The opening movement of Mozart’s Piano Sonata K.331 is a theme and variations, a novel approach for a Viennese composer of the time. The work’s finale – the famous rondo ‘alla turca’ – which echoes the sound of Turkish Janissary bands (an idiom the composer also mined for his operatic Singspiel The Abduction from the Seraglio), is so stylized as to border on parody. Andreas Staier, performing on a fortepiano, delivers an exceptional reading full of poetry coupled with a good deal of fun in his choice of interpretative ideas.
"Imagine a musical whodunit where the solution is Andreas Staier on the fortepiano with pedal and his own ornamentation. The mystery is what is an excellent performance of some of Mozart's keyboard sonatas? Staier has exceptional musical judgment, which makes these sonatas graceful, but not too refined or elegant, and he also creates an outstanding balance between the serious and the lighthearted in their character. The three sonatas here are the ones believed to have been composed by Mozart in 1783 while visiting his family in Salzburg. The fortepiano greatly benefits the first one, K. 330 in C major, particularly in the final movement.
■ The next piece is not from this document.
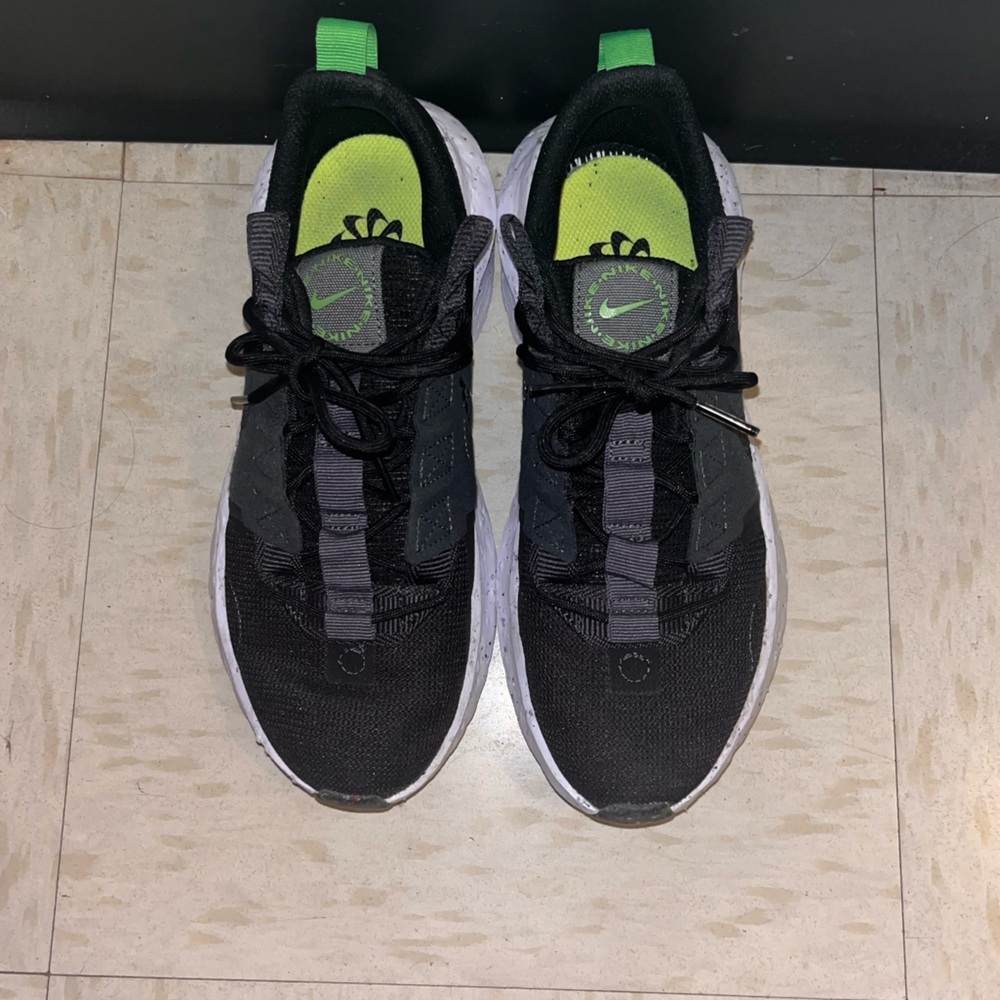 Nike Black Crater Impact Woman Size 6.5 - Picture 1 of 7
Staier easily balances the two hands, whereas on a modern piano there is a tendency to give the left hand too much weight, making it louder than necessary. The use of pedal in the Trio of the second sonata's Menuet provides a great contrast to the Menuet proper. He gives the third sonata, another one that is prone to heaviness and sobriety, buoyancy and energy without being too theatrical. What really sticks out on this recording, and could be controversial depending on how you define "period performance," is the Rondo alla Turca. Because of the movement's ubiquity, Staier chose to change the ornamentation and even the lines of the music so that it is quite different from Mozart's original, but is in keeping with Mozart's compositional style. In other words, he improvised a new twist on a classic, as Mozart was known to have done. It has a wonderfully fresh, exciting sound to it, not just because it is unexpected, but also because Staier does things that Mozart didn't usually do in his sonatas, such as moving the entire melody to the bass line with sprightly punctuations in the right hand or creating counter-melodies that almost relegate the theme to an accompaniment. Mozart's sonatas are hard to play because of the innumerable interpretation decisions to be made. Staier's choices give these sonatas a naturalness in their sound and character that makes them a treat to hear." (Patsy Morita, AMG)
Andreas Staier, fortepiano
Andreas Staier
studied piano and gained his Baccalaureate in Göttingen, then went to Hanover where he studied piano, harpsichord and chamber music at the Staatliche Hochschule für Musik. It was whilst playing with the Hanover Conservatory Baroque Orchestra that Staier became acquainted with the harpsichord, and it was the discovery of the English repertoire, originally written for the virginal, that sparked him into deciding to study this instrument. He attended master-classes by Gustav Leonhardt and completed his studies at the Sweelinck Conservatory in Amsterdam with Ton Koopman where he graduated with distinction after two years.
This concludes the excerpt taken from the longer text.